- **Dataset entries**:
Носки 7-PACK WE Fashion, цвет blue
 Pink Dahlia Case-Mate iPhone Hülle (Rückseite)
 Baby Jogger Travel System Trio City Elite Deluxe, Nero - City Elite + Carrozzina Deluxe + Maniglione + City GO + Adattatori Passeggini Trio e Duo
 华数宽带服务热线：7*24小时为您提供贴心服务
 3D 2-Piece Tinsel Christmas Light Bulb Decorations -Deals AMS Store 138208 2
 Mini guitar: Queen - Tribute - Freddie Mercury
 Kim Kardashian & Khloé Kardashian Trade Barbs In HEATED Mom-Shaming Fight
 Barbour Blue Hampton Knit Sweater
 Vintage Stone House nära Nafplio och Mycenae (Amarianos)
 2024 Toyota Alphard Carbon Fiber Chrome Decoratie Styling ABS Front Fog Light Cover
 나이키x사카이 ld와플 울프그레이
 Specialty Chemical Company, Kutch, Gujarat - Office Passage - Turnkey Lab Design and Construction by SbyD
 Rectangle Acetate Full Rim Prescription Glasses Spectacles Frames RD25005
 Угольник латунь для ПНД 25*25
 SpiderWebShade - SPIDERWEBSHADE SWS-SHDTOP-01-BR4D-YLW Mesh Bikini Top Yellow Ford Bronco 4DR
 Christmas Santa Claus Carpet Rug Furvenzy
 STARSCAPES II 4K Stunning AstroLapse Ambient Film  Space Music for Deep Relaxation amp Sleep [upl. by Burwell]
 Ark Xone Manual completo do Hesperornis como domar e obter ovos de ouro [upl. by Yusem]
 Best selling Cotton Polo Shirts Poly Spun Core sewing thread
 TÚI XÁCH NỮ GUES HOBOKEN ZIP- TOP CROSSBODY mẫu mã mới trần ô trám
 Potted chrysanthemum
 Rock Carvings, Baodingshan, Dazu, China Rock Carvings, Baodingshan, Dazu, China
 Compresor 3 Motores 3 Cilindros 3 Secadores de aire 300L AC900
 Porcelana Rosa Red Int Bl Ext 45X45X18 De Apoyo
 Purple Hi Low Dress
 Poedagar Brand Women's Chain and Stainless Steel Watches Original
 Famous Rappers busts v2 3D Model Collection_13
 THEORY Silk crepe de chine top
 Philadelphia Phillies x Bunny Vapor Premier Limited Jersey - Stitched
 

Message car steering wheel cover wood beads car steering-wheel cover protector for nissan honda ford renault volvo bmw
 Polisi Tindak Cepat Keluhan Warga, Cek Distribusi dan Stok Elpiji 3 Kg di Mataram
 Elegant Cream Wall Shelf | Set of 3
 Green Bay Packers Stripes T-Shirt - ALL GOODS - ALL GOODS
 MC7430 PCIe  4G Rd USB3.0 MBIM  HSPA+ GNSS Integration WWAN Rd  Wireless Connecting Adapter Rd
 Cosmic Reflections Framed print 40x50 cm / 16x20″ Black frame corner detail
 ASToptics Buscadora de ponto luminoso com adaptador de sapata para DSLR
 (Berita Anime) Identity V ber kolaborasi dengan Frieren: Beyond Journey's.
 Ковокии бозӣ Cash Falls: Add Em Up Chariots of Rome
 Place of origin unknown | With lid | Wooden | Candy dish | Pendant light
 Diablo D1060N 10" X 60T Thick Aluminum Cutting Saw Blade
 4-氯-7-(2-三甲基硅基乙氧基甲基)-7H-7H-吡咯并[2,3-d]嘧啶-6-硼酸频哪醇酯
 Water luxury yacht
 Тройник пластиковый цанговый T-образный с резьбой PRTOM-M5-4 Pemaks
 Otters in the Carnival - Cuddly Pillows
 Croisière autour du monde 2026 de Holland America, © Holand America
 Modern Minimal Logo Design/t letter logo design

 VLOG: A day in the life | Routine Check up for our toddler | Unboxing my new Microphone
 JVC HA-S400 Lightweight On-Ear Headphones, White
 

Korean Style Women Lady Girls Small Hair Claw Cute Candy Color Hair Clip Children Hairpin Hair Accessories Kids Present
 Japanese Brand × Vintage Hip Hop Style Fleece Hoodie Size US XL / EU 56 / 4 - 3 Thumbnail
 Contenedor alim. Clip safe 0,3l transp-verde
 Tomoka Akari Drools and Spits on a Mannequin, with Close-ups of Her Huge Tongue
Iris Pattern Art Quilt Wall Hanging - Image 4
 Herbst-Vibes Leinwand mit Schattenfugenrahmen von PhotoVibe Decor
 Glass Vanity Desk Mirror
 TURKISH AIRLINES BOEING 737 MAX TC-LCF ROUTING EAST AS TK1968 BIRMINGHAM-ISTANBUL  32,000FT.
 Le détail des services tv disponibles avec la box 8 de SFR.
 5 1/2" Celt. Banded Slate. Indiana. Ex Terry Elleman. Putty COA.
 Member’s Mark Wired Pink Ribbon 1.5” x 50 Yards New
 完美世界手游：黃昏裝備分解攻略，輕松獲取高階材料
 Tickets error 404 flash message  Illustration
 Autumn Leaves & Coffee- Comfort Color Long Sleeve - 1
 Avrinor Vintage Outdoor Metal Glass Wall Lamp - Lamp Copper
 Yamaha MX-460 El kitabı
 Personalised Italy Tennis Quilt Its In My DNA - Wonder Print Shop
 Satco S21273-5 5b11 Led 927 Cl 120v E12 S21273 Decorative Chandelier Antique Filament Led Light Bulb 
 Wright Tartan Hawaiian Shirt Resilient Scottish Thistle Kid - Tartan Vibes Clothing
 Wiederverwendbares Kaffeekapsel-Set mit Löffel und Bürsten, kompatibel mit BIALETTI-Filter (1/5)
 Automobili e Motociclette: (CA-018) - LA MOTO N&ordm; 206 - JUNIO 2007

- **What the exercise asks**: Beginning with the first line above, could you copy every line exactly, up to and including the one with "Poedagar Brand Women's"?

- **Exercise result**:
Носки 7-PACK WE Fashion, цвет blue
 Pink Dahlia Case-Mate iPhone Hülle (Rückseite)
 Baby Jogger Travel System Trio City Elite Deluxe, Nero - City Elite + Carrozzina Deluxe + Maniglione + City GO + Adattatori Passeggini Trio e Duo
 华数宽带服务热线：7*24小时为您提供贴心服务
 3D 2-Piece Tinsel Christmas Light Bulb Decorations -Deals AMS Store 138208 2
 Mini guitar: Queen - Tribute - Freddie Mercury
 Kim Kardashian & Khloé Kardashian Trade Barbs In HEATED Mom-Shaming Fight
 Barbour Blue Hampton Knit Sweater
 Vintage Stone House nära Nafplio och Mycenae (Amarianos)
 2024 Toyota Alphard Carbon Fiber Chrome Decoratie Styling ABS Front Fog Light Cover
 나이키x사카이 ld와플 울프그레이
 Specialty Chemical Company, Kutch, Gujarat - Office Passage - Turnkey Lab Design and Construction by SbyD
 Rectangle Acetate Full Rim Prescription Glasses Spectacles Frames RD25005
 Угольник латунь для ПНД 25*25
 SpiderWebShade - SPIDERWEBSHADE SWS-SHDTOP-01-BR4D-YLW Mesh Bikini Top Yellow Ford Bronco 4DR
 Christmas Santa Claus Carpet Rug Furvenzy
 STARSCAPES II 4K Stunning AstroLapse Ambient Film  Space Music for Deep Relaxation amp Sleep [upl. by Burwell]
 Ark Xone Manual completo do Hesperornis como domar e obter ovos de ouro [upl. by Yusem]
 Best selling Cotton Polo Shirts Poly Spun Core sewing thread
 TÚI XÁCH NỮ GUES HOBOKEN ZIP- TOP CROSSBODY mẫu mã mới trần ô trám
 Potted chrysanthemum
 Rock Carvings, Baodingshan, Dazu, China Rock Carvings, Baodingshan, Dazu, China
 Compresor 3 Motores 3 Cilindros 3 Secadores de aire 300L AC900
 Porcelana Rosa Red Int Bl Ext 45X45X18 De Apoyo
 Purple Hi Low Dress
 Poedagar Brand Women's Chain and Stainless Steel Watches Original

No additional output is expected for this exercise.